Overview resources on coordinate reference systems:
List of coordinate reference systems:
https://www.spatialreference.org/ref - “bad gateway” - hopefully that resolves, as this page has a nice list of EPSG codes with output units (feet or meters)
Other topics in this code chunk:
FIPS codes:
stringr::str_sub()
to extract a string by position.
tract_ga_wrangle = tract_ga %>%
dplyr::rename(
geo_id= GEOID,
name_tract_county = NAME,
pop = pop_E #simplify
) %>%
sf::st_transform(4326) %>% #
dplyr::mutate(
#Extract county 5-digit FIPS code
#first 2 digits of the FIPS code
#correspond to state. Then the next 3 indicate the county.
# Note Fulton is 13121
# Dekalb is 13089
county_fips = stringr::str_sub(geo_id, start=1, 5),
area_4326 = sf::st_area(geometry), #returns area of type "units".
#measured in meters squared because of the coordinate system.
area_m2 = as.numeric(area_4326), #convert to numeric. strip units
#indicator for major Atlanta Metro Counties
atlanta_metro = case_when(
#character format even though they're numbers, so quote
county_fips %in% c(
"13121",#fulton
"13089",#dekalb
"13135",#gwinnett
"13067", #cobb
"13063", #clayton
"13097" #douglas
) ~1,
TRUE ~0)
) %>%
#Convert it to a coordinate system that will output in feet as well.

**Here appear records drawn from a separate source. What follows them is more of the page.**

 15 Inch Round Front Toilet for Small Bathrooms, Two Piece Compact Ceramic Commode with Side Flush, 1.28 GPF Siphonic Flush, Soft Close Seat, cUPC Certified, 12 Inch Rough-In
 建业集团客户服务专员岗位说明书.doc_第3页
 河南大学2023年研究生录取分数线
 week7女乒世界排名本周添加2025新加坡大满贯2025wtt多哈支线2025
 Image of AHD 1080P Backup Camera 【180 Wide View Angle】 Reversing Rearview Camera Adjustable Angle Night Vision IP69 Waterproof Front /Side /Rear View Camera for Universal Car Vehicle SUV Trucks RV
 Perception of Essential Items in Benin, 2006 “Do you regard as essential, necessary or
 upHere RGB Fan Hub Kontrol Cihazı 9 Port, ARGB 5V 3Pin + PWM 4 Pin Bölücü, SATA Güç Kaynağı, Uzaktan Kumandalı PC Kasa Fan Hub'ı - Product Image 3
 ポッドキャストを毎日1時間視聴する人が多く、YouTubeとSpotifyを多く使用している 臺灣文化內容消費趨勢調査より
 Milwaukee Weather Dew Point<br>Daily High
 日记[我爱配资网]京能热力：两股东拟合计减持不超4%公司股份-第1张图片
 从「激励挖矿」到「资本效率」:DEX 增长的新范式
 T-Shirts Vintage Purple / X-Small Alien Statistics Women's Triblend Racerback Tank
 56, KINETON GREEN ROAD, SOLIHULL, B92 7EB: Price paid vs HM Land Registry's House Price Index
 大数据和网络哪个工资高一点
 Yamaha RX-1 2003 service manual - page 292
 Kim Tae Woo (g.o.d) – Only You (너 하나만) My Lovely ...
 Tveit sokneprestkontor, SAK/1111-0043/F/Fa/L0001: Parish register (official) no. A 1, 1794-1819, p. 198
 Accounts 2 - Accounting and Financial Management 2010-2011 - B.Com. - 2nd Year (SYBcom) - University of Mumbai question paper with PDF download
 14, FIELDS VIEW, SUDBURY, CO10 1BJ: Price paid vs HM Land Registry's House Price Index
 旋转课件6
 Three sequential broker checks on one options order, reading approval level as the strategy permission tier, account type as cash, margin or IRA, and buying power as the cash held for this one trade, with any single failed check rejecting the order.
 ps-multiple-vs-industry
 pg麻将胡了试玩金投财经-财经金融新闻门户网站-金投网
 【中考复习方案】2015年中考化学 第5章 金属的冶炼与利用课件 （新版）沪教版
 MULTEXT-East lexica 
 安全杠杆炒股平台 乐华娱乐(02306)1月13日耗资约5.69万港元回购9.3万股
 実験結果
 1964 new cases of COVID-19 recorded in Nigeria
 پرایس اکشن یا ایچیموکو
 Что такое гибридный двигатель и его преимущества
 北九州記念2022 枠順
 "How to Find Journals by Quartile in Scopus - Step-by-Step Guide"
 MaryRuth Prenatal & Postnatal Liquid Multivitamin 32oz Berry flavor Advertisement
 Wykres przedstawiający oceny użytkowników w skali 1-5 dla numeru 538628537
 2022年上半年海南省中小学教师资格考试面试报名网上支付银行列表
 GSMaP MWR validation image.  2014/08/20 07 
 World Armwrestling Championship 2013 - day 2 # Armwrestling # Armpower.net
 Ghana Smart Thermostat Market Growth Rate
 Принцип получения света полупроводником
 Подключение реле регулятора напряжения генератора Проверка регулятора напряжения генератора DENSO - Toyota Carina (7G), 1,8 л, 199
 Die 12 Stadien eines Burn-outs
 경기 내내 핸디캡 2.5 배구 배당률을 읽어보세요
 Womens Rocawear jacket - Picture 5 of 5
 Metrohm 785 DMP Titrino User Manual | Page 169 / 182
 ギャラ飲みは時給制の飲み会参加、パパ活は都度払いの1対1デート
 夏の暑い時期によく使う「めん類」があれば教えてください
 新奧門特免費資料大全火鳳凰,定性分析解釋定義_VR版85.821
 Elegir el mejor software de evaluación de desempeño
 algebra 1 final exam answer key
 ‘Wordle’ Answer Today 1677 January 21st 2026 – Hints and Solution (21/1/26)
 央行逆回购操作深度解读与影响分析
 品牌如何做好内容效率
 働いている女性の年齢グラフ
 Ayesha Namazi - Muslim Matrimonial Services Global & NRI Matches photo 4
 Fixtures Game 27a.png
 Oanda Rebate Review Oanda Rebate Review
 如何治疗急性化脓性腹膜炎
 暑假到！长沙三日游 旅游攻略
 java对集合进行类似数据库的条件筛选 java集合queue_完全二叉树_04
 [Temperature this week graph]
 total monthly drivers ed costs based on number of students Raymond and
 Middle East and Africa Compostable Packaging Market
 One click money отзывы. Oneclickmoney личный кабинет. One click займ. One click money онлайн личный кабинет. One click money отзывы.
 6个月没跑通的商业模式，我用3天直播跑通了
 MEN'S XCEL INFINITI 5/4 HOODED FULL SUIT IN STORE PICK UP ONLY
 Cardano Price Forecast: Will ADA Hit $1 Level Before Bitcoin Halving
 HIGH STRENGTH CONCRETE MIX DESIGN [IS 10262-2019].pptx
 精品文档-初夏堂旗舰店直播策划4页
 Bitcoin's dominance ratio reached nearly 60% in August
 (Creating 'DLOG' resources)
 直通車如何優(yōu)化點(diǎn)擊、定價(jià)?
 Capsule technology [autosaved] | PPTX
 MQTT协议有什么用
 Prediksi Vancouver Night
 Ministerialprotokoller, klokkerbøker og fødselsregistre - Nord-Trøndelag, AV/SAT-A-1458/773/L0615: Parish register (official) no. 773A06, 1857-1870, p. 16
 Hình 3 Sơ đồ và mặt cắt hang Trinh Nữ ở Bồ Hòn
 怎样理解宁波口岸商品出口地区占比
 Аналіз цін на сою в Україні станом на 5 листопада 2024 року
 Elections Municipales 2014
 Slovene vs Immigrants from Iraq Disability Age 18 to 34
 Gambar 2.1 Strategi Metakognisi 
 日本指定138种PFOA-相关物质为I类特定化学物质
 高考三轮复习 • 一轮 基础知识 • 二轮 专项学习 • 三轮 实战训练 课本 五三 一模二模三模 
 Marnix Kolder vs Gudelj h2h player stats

#NAD83 / Georgia West (ftUS)
sf::st_transform(2240) %>%
dplyr::mutate(
area_2240 = sf::st_area(geometry), #square feet
area_ft2 = as.numeric(area_2240),
area_mi2 = area_ft2/27878400, #convert to square miles
#calculate population density
pop_dens_per_mi2 = pop/area_mi2
) %>%
#Remove the margins of error
dplyr::select(-ends_with("_M"))
Note that we could have included the above code as part of the one above it (i.e., where tract_ga
was created) all in one pipe. That would have made the code a bit more concise. When downloading from an external source, though, it can be better to limit the number of times the you call on the external source, both for computing speed (it can take a while) and because some sources (e.g., OpenStreetMap) have limits on the number of times you can download in a short period of time, as it strains their resources. So, in this case, assuming we may have to re-run the wrangling steps a few times before we’ve made our final decision, we prioritize courtesy over brevity.
Take a look at the data:
variable names:
names(tract_ga_wrangle)
## [1] "geo_id" "name_tract_county" "pop"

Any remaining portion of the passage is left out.